*Task requirements:*
Here are records with pictures in them. Copy all of them exactly and leave the pictures out.

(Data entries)
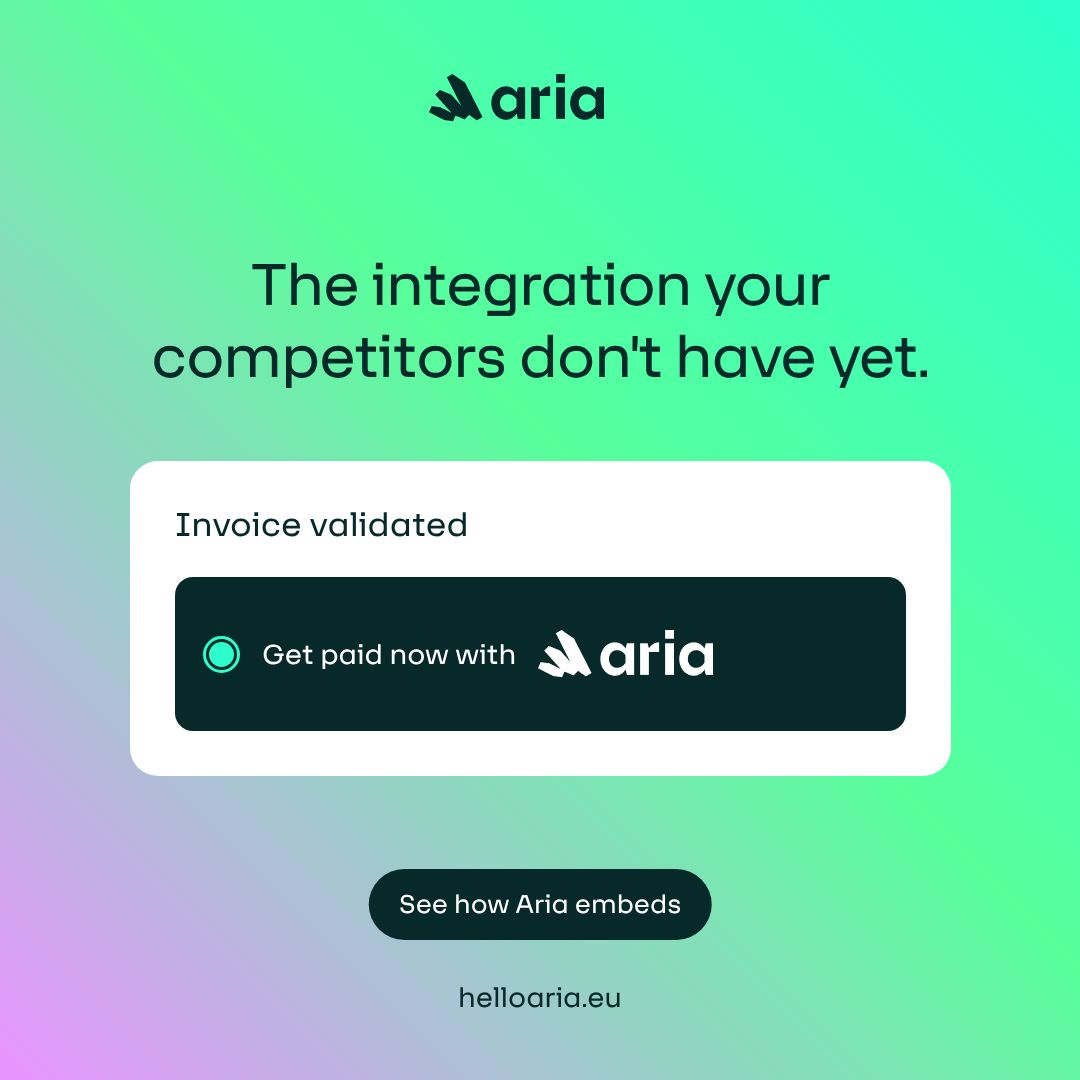 Aria ad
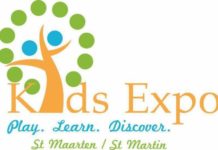$12,000 worth of Kids Expo tickets donated to charities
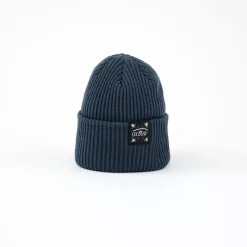 OXBOW Beanie ALCALA - Mundaka Cheap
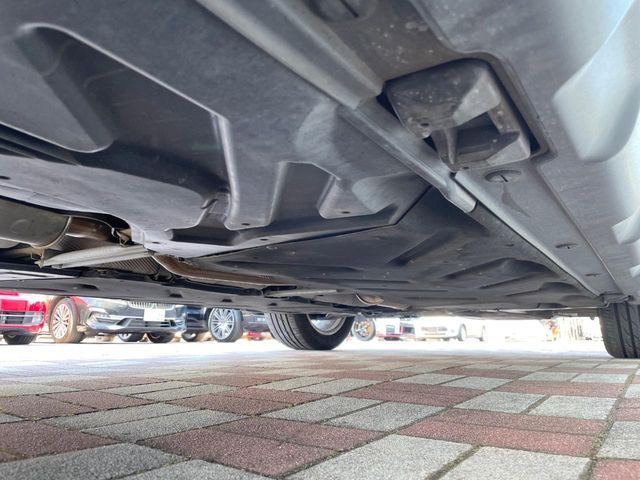 MERCEDES BENZ GLA CL 2017 Image 31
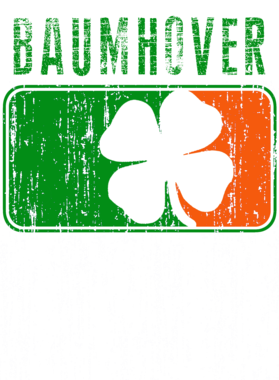 image overlay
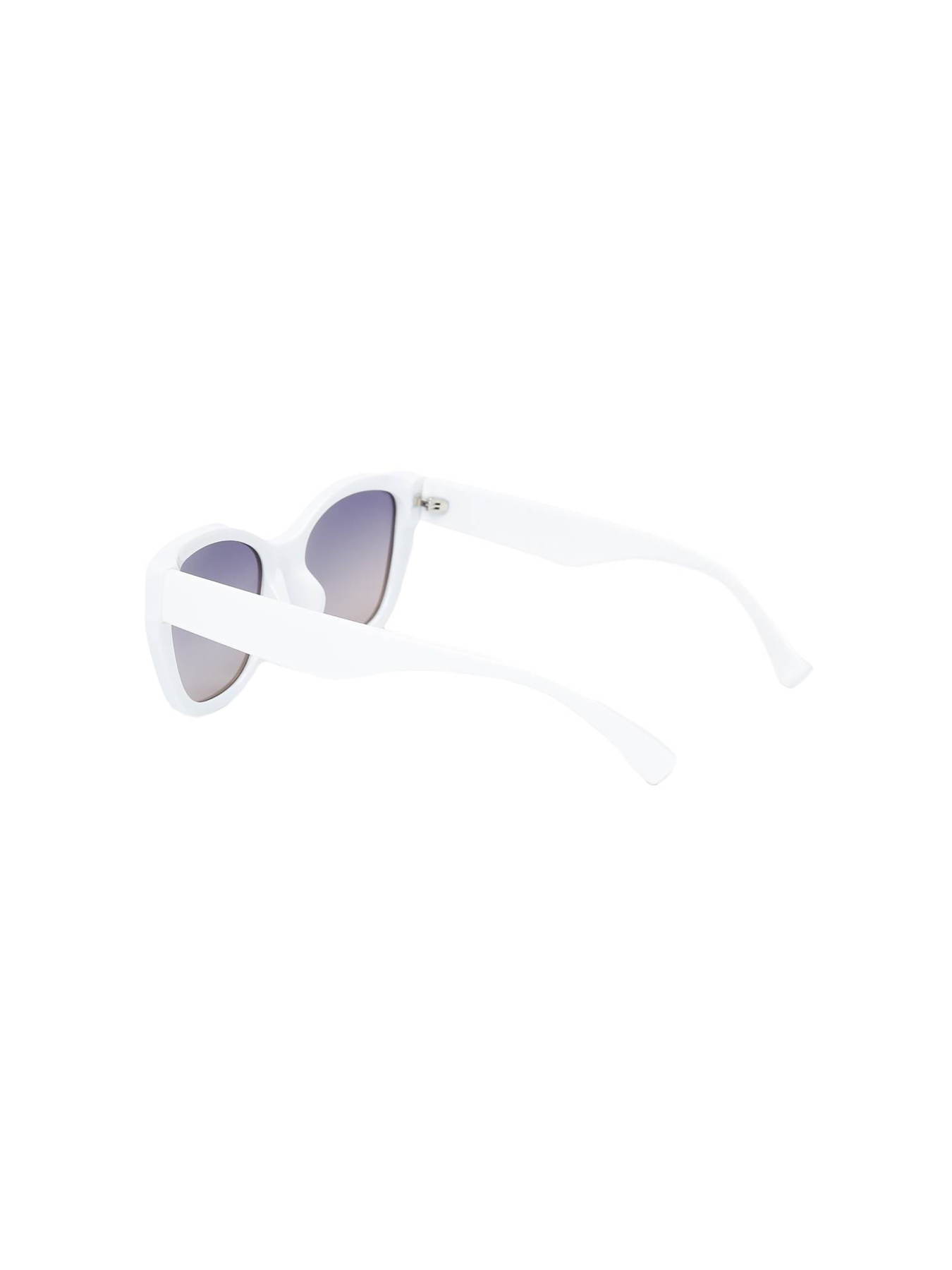 Окуляри LuckyLOOK модель LL2933534723788 Фото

*Task response:*
 Aria ad
$12,000 worth of Kids Expo tickets donated to charities
 OXBOW Beanie ALCALA - Mundaka Cheap
 MERCEDES BENZ GLA CL 2017 Image 31
 image overlay
 Окуляри LuckyLOOK модель LL2933534723788 Фото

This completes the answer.